━━━━━ Source information ━━━━━

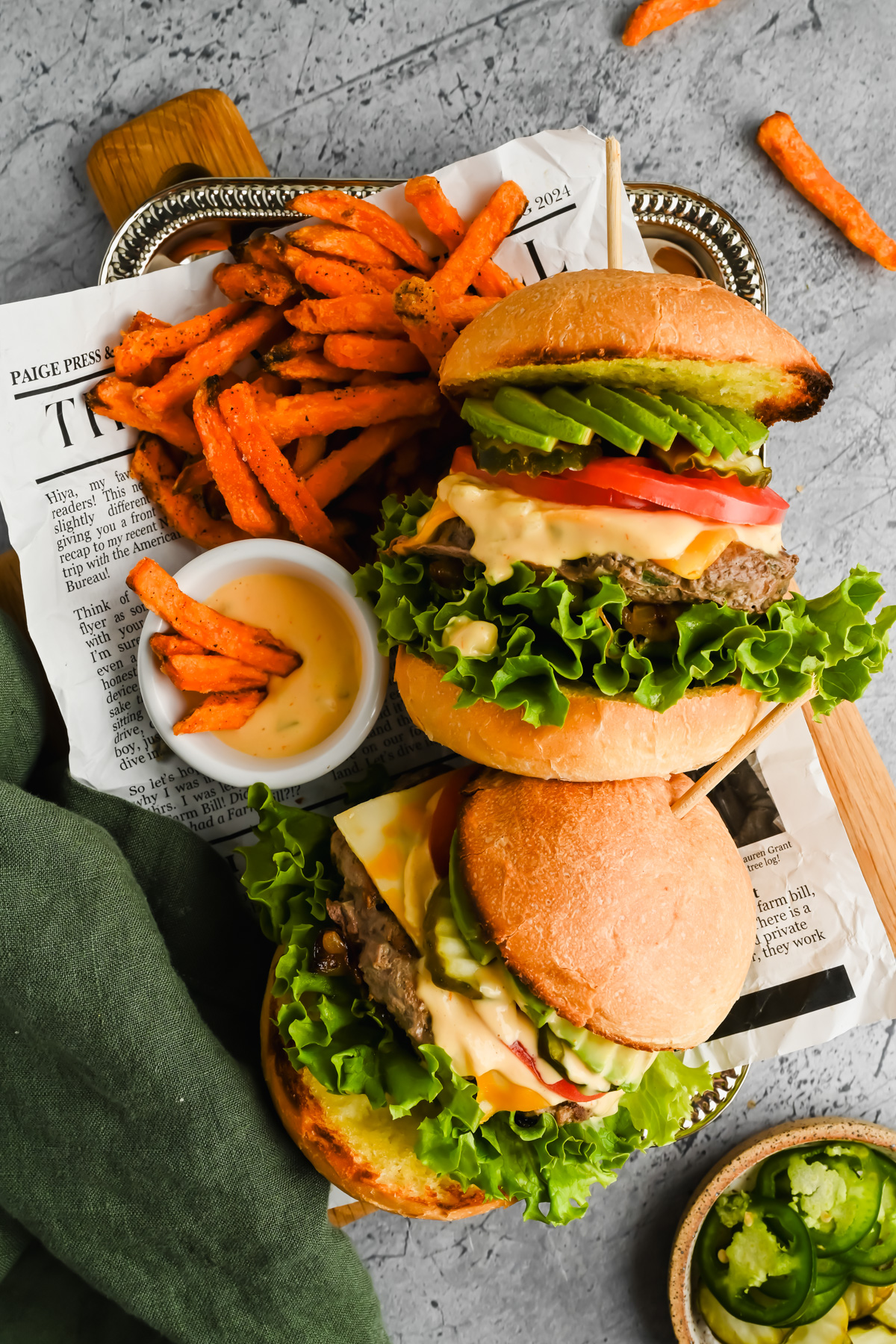 two California burgers laying on a tray served with sweet potato fries and fry sauce.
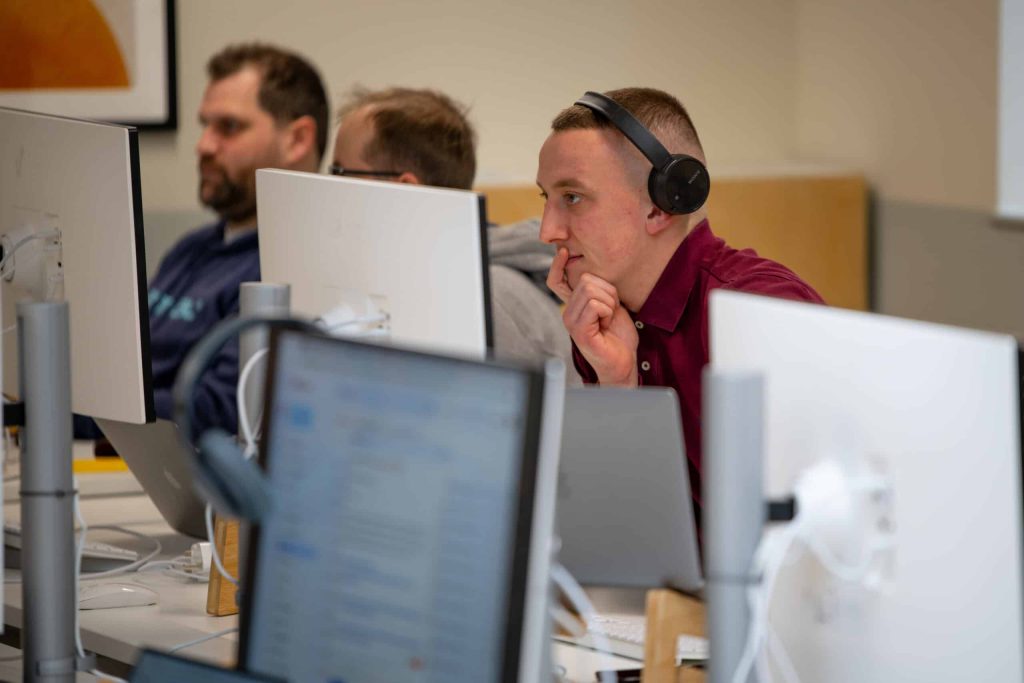3 people working at desks in an office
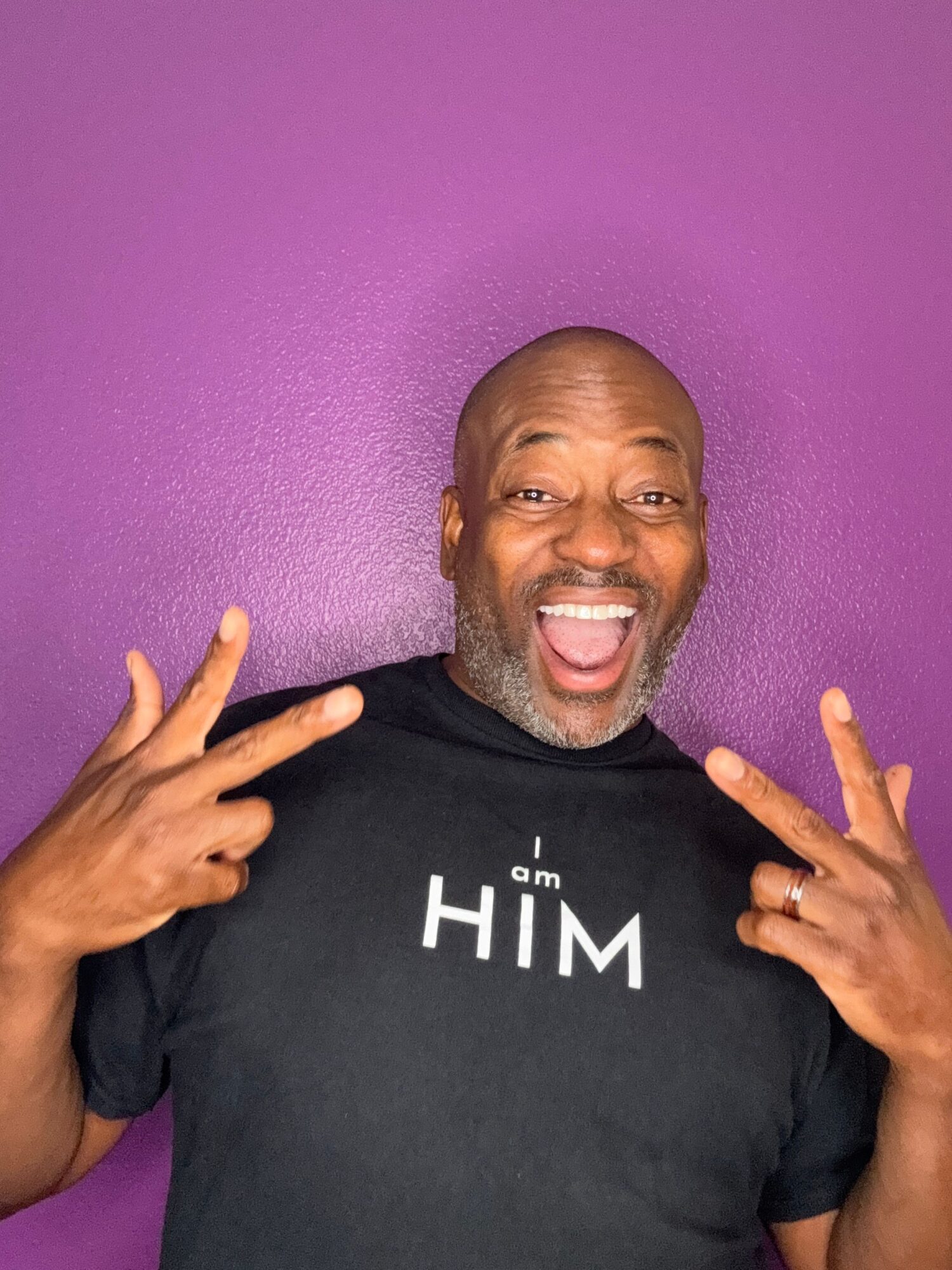 Man smiling and making hand gestures against a purple wall, wearing a black shirt with white text.
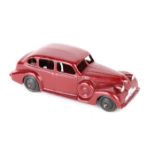 Dinky Toys Buick Viceroy 39d. In maroon with black ridged wheels and black tyres, black base. GC-VGC
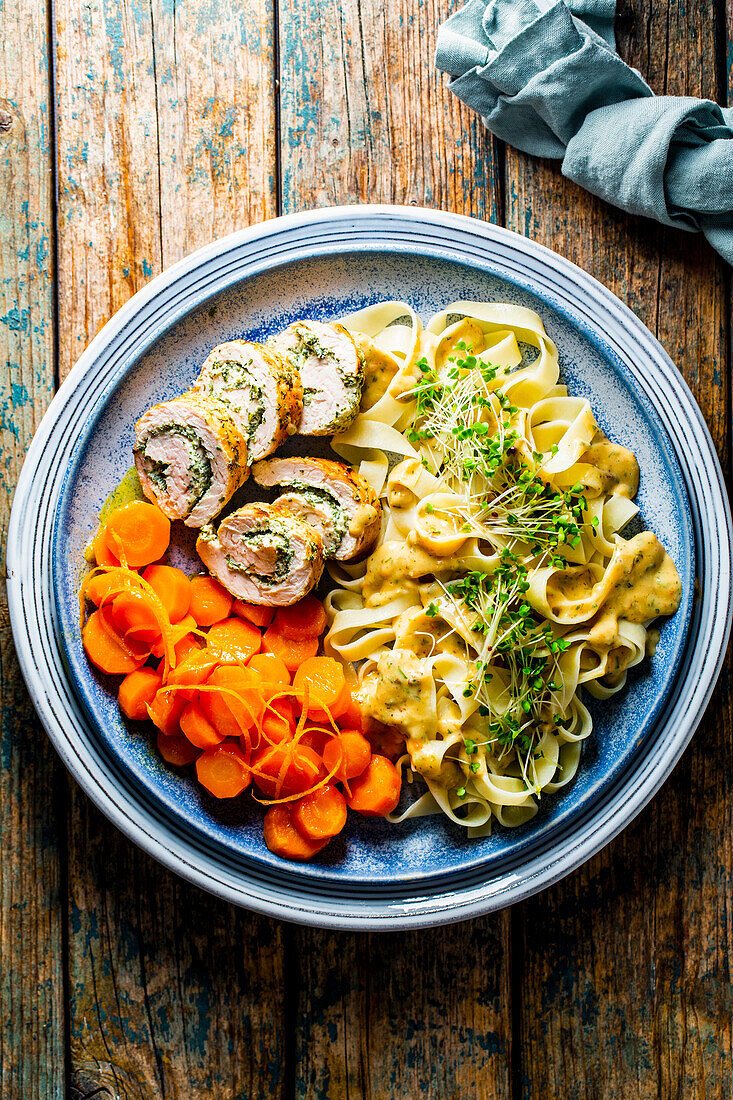 Turkey herb roulade with glazed carrots and tagliatelle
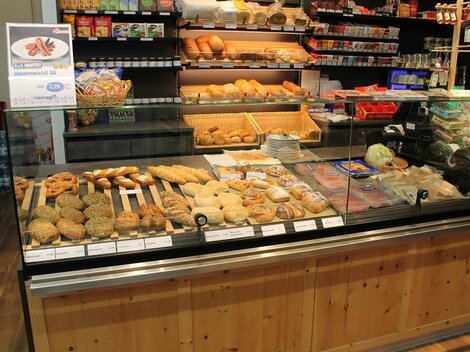 Eine Bäckerei mit einer Auswahl an Gebäck und Brötchen. Im Hintergrund sind verschiedene Snacks und Getränke zu sehen.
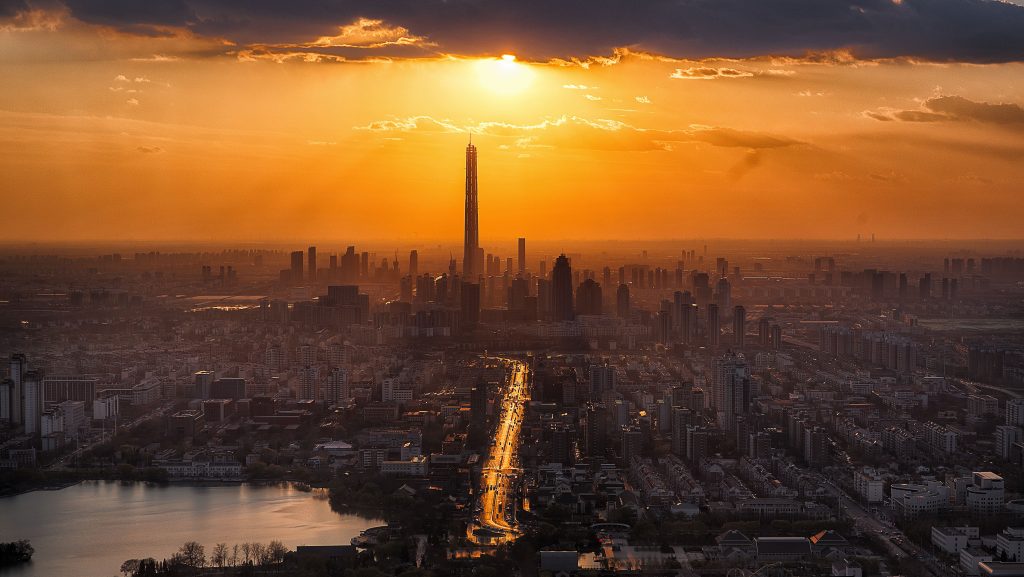 Tall Buildings Tower Sun in Clouds Lake Cityscape Wallpaper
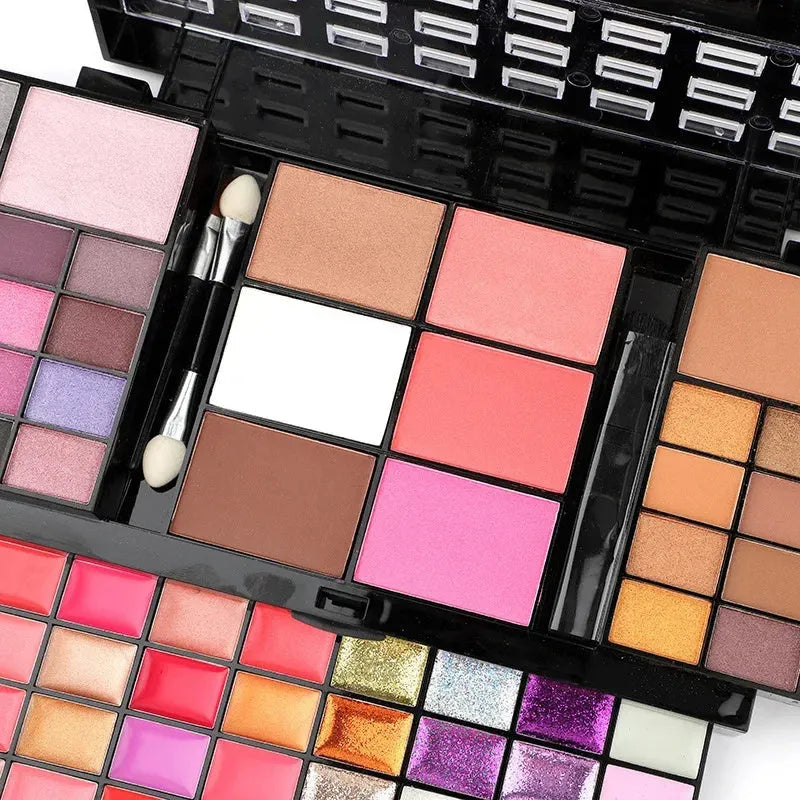 Open 74-colour makeup palette showing four layers of eyeshadow, lip gloss, blush, and contour powders with included brushes.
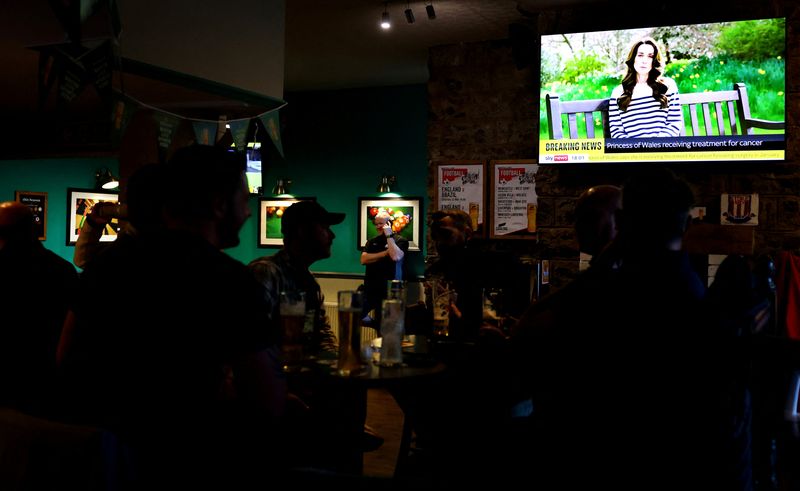 &copy; Reuters. People watch Sky News in The Thistleberry Hotel, as a video is shown in which Britain's Catherine, Princess of Wales, announced she is undergoing preventative chemotherapy after tests taken following abdominal surgery in January revealed cancer had been p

━━━━━

**Instructions for the task**
Only the lines above starting with the line with "Tall Buildings Tower" and going on through the line with "Open 74-colour makeup" belong in the answer; repeat them exactly, minus any picture.

**Problem solution**
 Tall Buildings Tower Sun in Clouds Lake Cityscape Wallpaper
 Open 74-colour makeup palette showing four layers of eyeshadow, lip gloss, blush, and contour powders with included brushes.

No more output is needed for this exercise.